Aaron Swartz (photo by Jacob Applebaum)

After reading about the sudden suicide of Aaron Swartz, I’ve been thinking deeply about my role as a digital artist. Swartz, a prolific computer programmer and activist ended his life after battling depression and a pending prosecution by the US Department of Justice for his intent to distribute academic texts only accessible through JSTOR. This material was taken by trespassing onto the MIT campus (Aaron attending Harvard at the time) however the prosecution charged him with counts of wire fraud, computer fraud, and obtaining information illegally through a computer – charges that many feel were unwarranted and/or severe. The sentence that prosecutors pursued in this case – up to 50 years of jail and a $1 million fine – illustrate the growing division between those who want information to remain free and those wanting to continue the privatization of data through pay-walls and limited access. This division, as catalyzed in some way by Aaron’s suicide, is rapidly approaching a point where the very notion of keeping information decentralized and open risks criminalization.

This situation – filled with grief, anger, and sorrow – brings up concerns about the freedom of information. It’s important to note here that access to information does not equate with freedom of information. Computer Scientist and activist Richard Stallman once put forth a fitting analogy, saying that there is “free as in freedom,” and then there is “free as in beer.” In the former, freedom is a universal liberation of expression; in the latter, you are only afforded access to beer on the predication that you belong to the party. If you area stranger to the party, taking beer from the fridge is not merely be uncool, but it can easily break out into pandemonium. This nuanced line of what constitutes “free” is precisely the fine line that Aaron and others digital activists tread.

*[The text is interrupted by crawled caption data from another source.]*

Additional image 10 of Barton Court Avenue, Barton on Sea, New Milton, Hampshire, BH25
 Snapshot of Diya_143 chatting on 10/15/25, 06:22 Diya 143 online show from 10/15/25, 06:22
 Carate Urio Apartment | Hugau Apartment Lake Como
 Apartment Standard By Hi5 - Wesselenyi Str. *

As I said initially, in the wake of Aaron’s widely publicized suicide, I’ve been thinking considerably about the state of digital rebellion and electronic civil disobedience amongst the makers that have recently become closely associated with art online. It’s important to note that many notable figures within the new media and net art community have spoken out about the implications of Aaron’s prosecution and suicide. However, besides the occasional prank or gimmick, I found it hard to come up with many young artists that were tackling digital politics head on. I know that many within that community have sought, in one way or another, to comment on the state of digital distribution with regards to authorship and appropriation, but few seem up for the task of talking directly about the ways in which the web is changing for the worse.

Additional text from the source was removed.